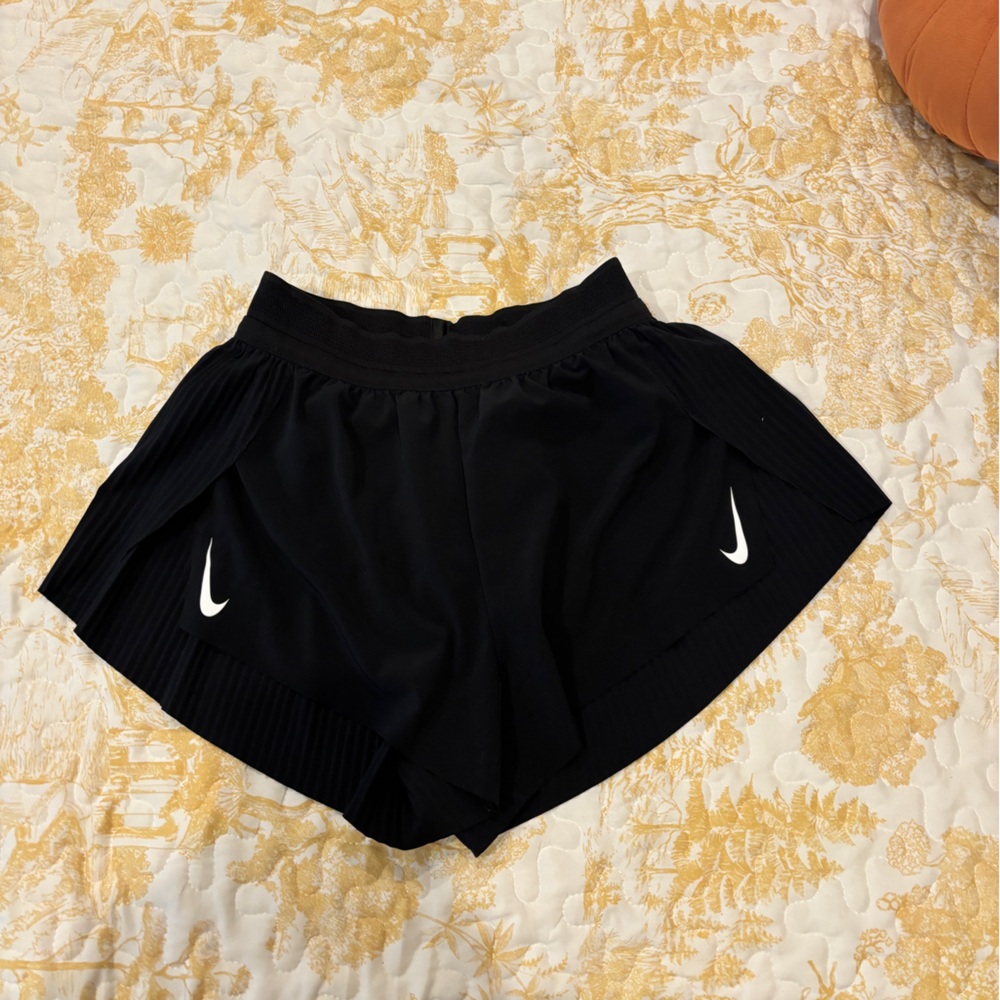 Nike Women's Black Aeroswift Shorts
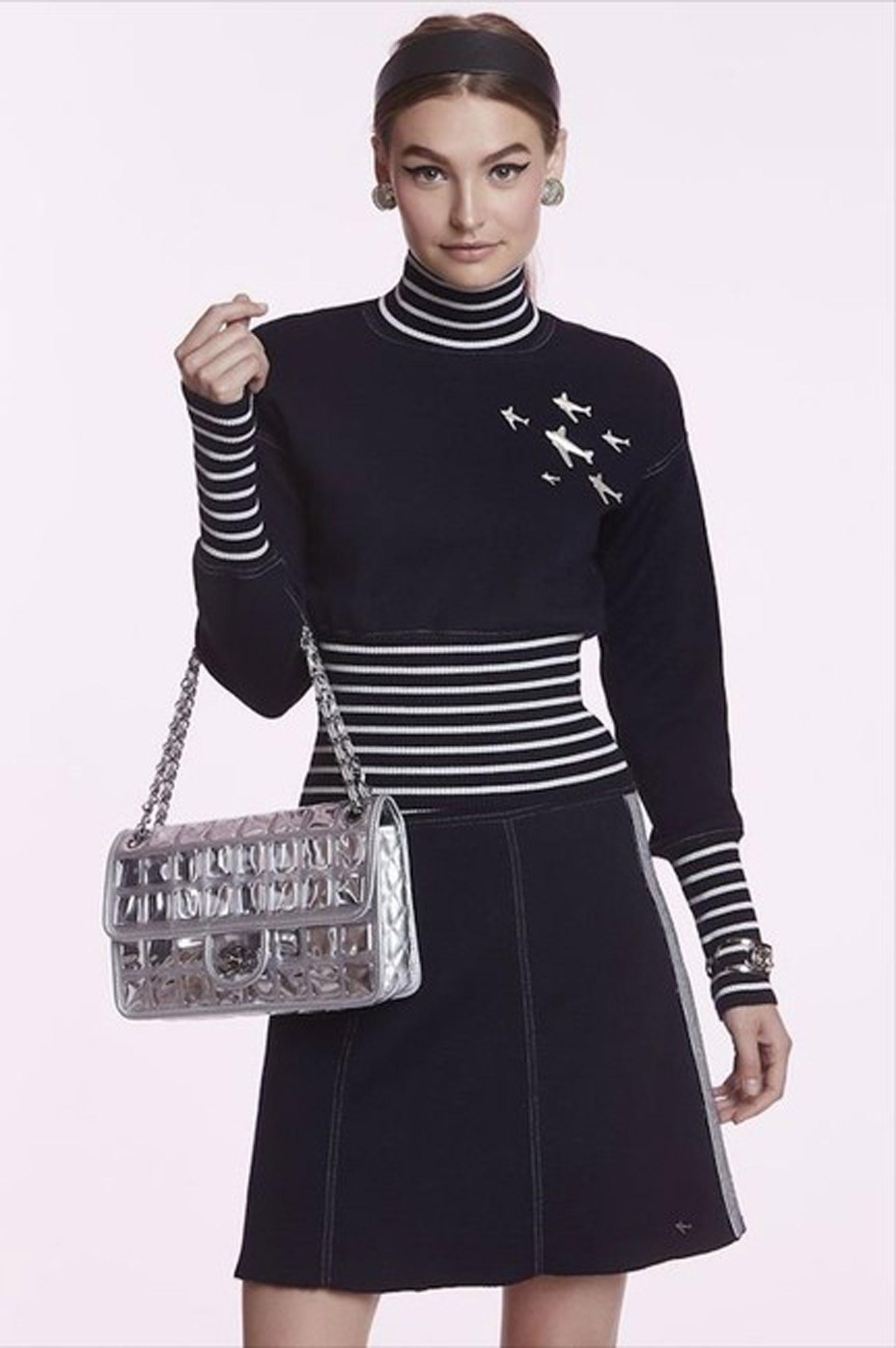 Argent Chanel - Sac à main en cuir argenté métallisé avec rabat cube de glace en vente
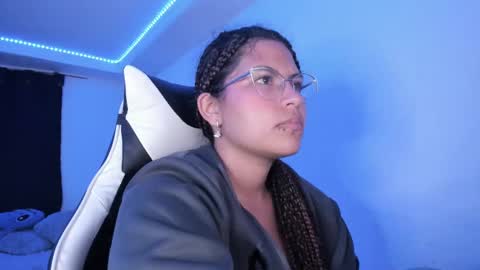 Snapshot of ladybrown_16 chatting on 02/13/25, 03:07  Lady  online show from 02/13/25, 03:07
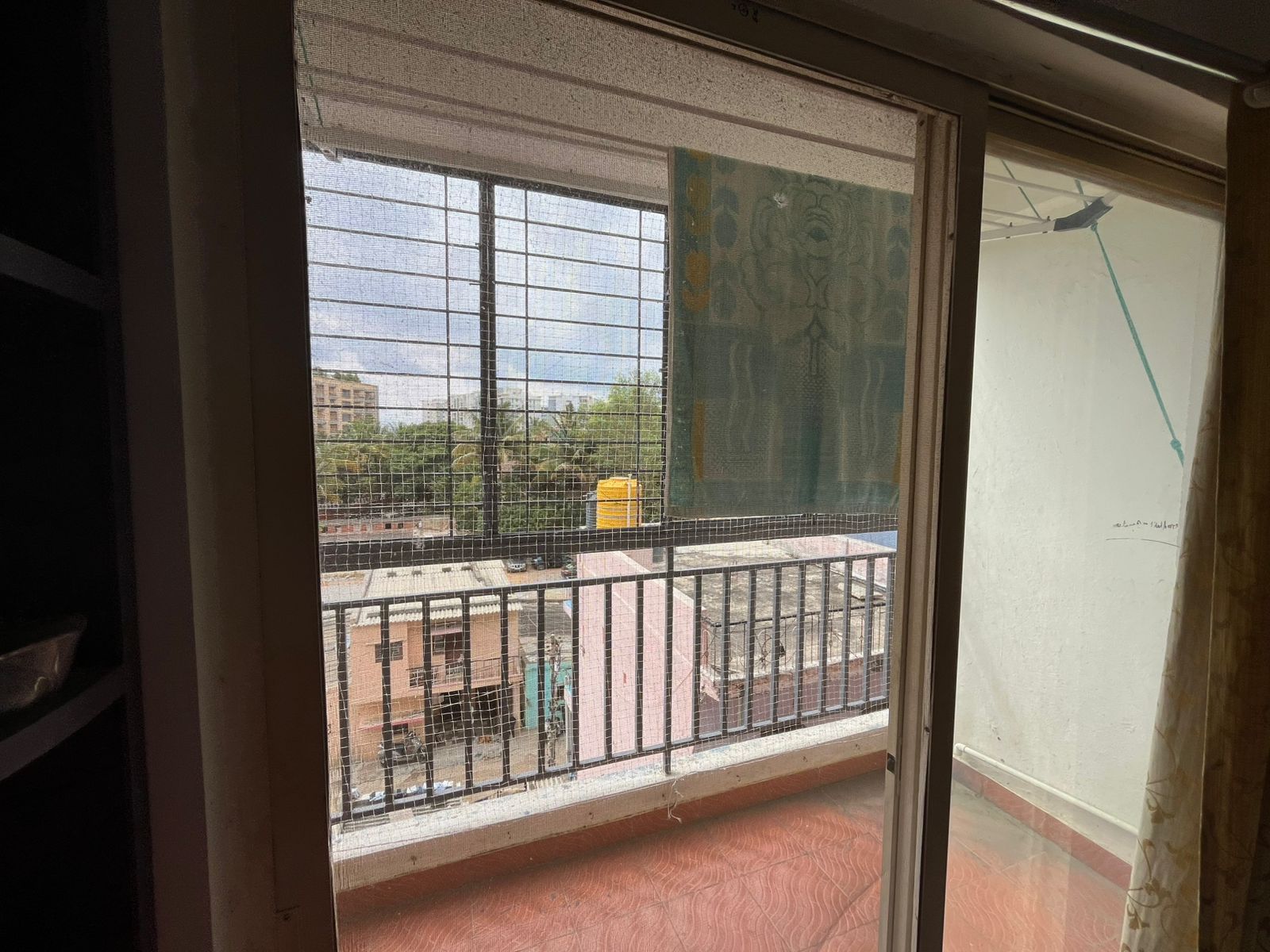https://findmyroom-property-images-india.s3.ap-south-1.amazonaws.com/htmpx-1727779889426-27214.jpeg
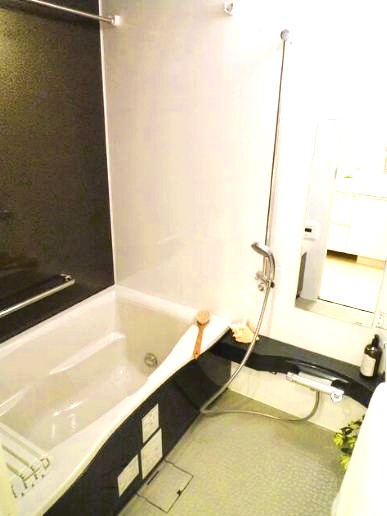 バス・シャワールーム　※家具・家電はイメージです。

= = = = =

▶ _EXERCISE DETAILS_: Please retype the material above exactly, and omit its images.

▶ _REPLY TO THE EXERCISE_:
 Nike Women's Black Aeroswift Shorts
 Argent Chanel - Sac à main en cuir argenté métallisé avec rabat cube de glace en vente
 Snapshot of ladybrown_16 chatting on 02/13/25, 03:07  Lady  online show from 02/13/25, 03:07
https://findmyroom-property-images-india.s3.ap-south-1.amazonaws.com/htmpx-1727779889426-27214.jpeg
 バス・シャワールーム　※家具・家電はイメージです。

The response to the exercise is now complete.